* **Data listing**:
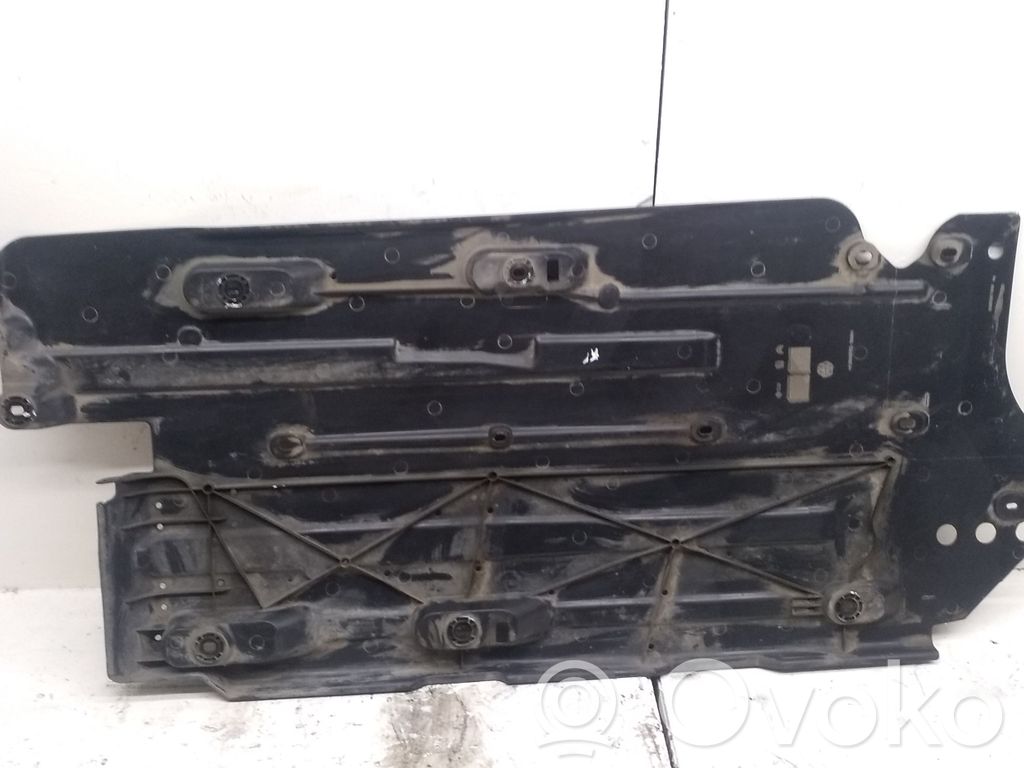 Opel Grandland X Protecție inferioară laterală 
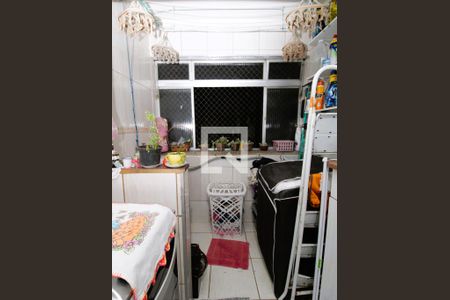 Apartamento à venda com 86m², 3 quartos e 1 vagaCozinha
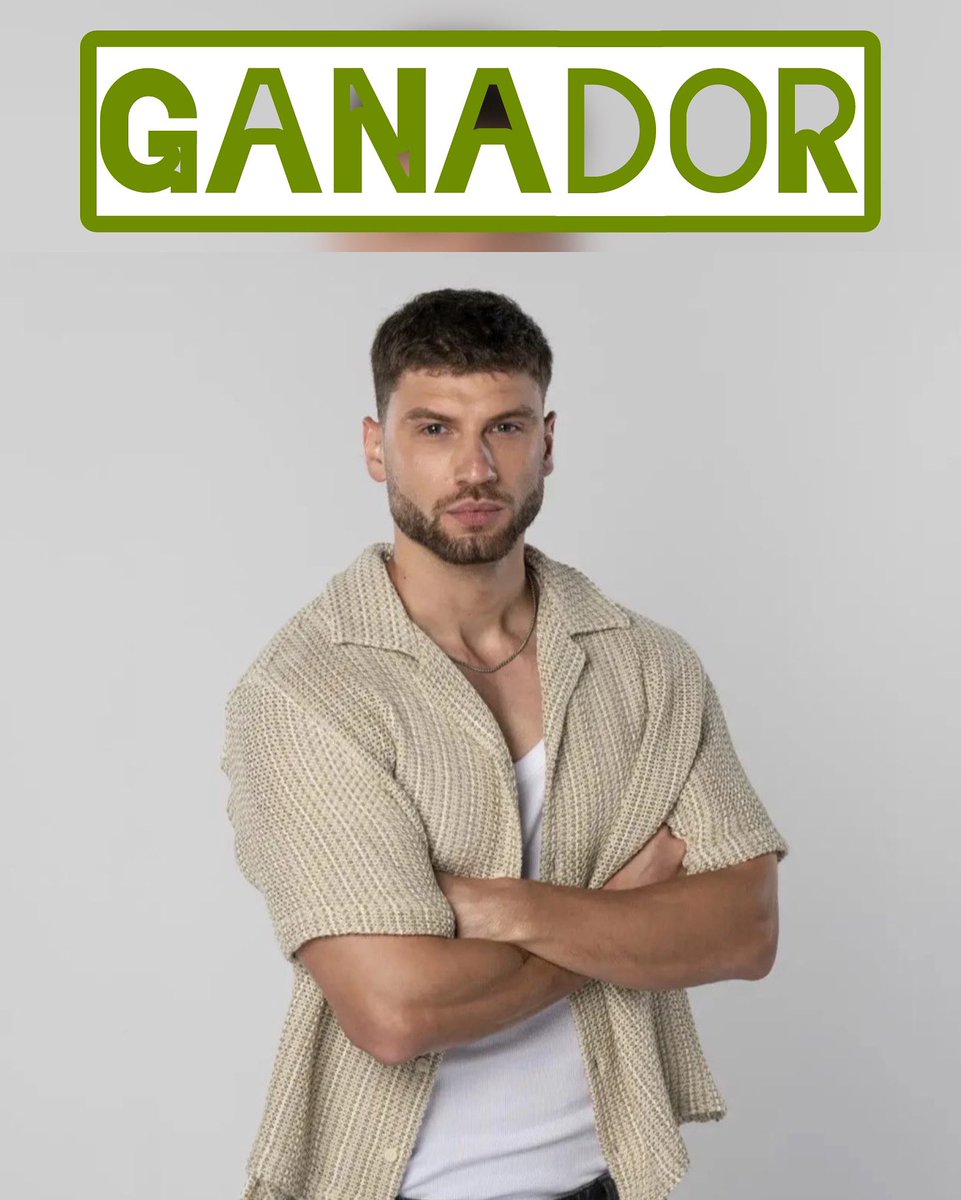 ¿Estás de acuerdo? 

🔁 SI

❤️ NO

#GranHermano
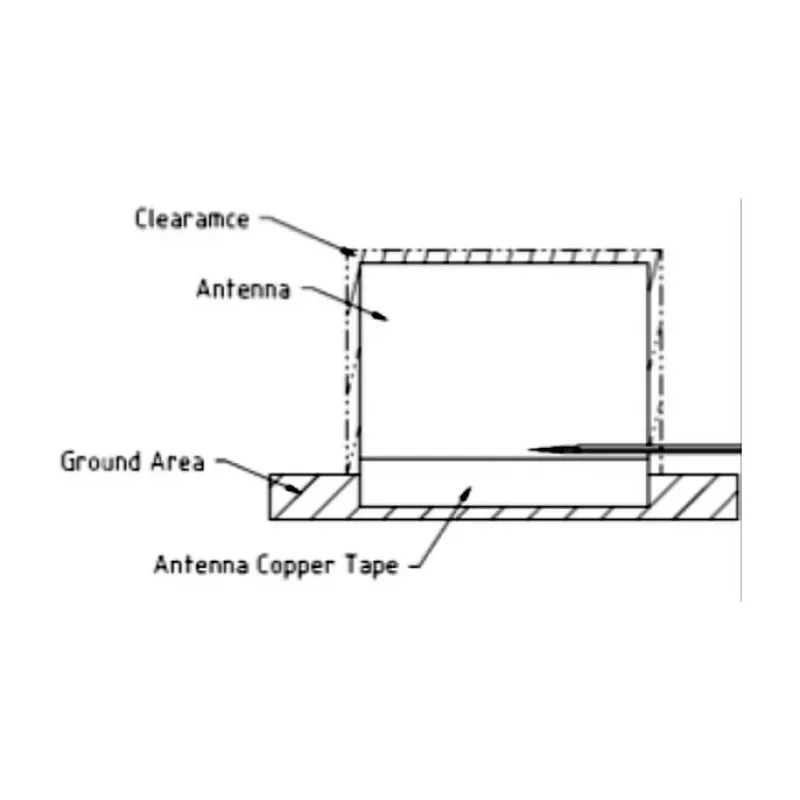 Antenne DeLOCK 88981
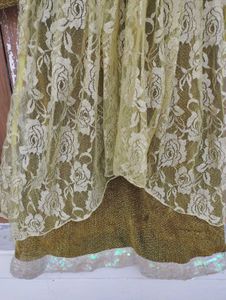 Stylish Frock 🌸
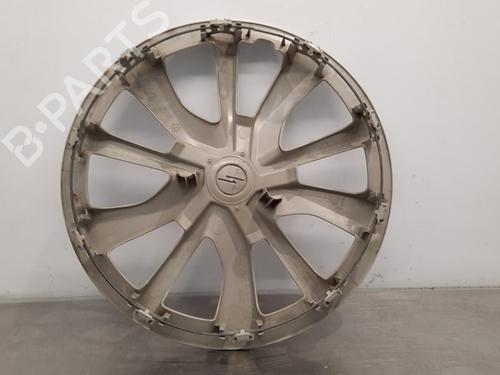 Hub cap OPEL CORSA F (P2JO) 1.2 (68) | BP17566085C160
==
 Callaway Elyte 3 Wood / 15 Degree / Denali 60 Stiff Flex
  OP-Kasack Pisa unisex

* **How to complete this task**:
Using the records above, print exactly the lines between the ones containing "Opel Grandland X" and "Hub cap OPEL", inclusive, and nothing else; no pictures.

* **Result of the exercise**:
 Opel Grandland X Protecție inferioară laterală 
 Apartamento à venda com 86m², 3 quartos e 1 vagaCozinha
 ¿Estás de acuerdo? 

🔁 SI

❤️ NO

#GranHermano
 Antenne DeLOCK 88981
 Stylish Frock 🌸
 Hub cap OPEL CORSA F (P2JO) 1.2 (68) | BP17566085C160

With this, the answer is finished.